• _Material for this task_:
_____
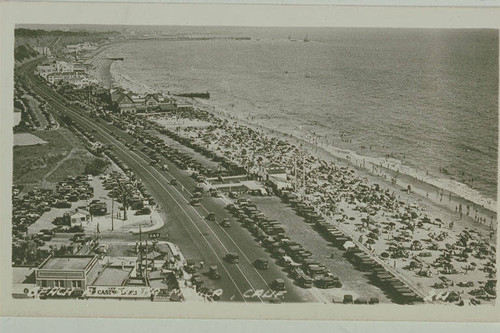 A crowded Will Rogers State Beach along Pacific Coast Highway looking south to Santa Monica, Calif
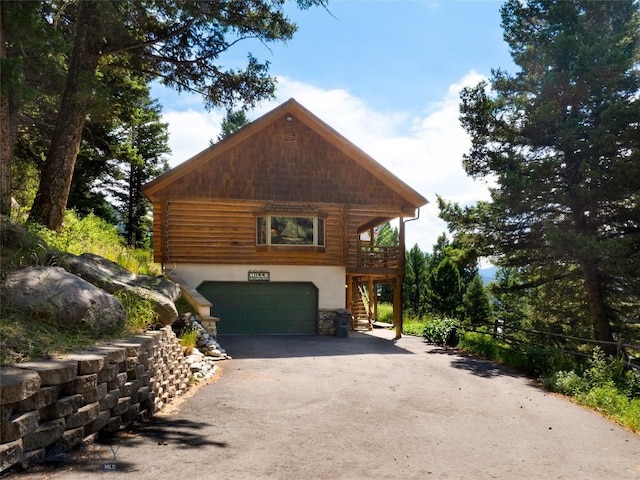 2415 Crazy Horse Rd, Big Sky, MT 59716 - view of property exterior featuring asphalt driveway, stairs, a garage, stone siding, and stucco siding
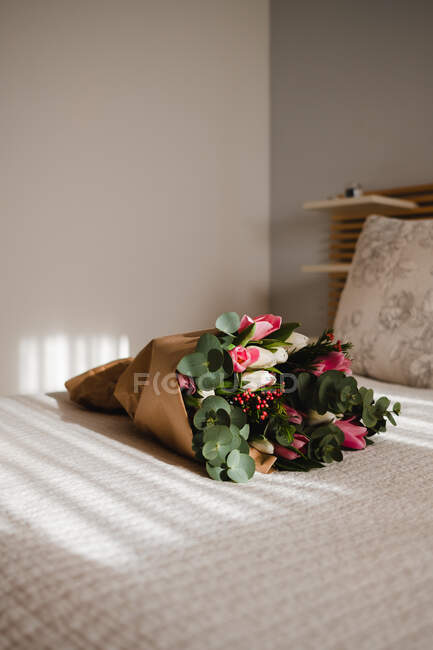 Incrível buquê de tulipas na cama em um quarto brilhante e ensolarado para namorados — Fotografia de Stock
_____
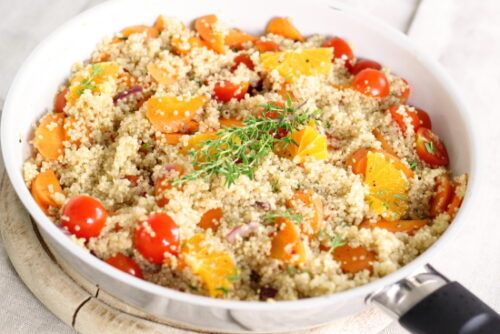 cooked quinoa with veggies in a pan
_____
• _Task requirements_: Your copy should hold only the lines above from the one containing "2415 Crazy Horse" through the one containing "Incrível buquê de", exactly as written and free of pictures.

• _Answer to this problem_:
 2415 Crazy Horse Rd, Big Sky, MT 59716 - view of property exterior featuring asphalt driveway, stairs, a garage, stone siding, and stucco siding
 Incrível buquê de tulipas na cama em um quarto brilhante e ensolarado para namorados — Fotografia de Stock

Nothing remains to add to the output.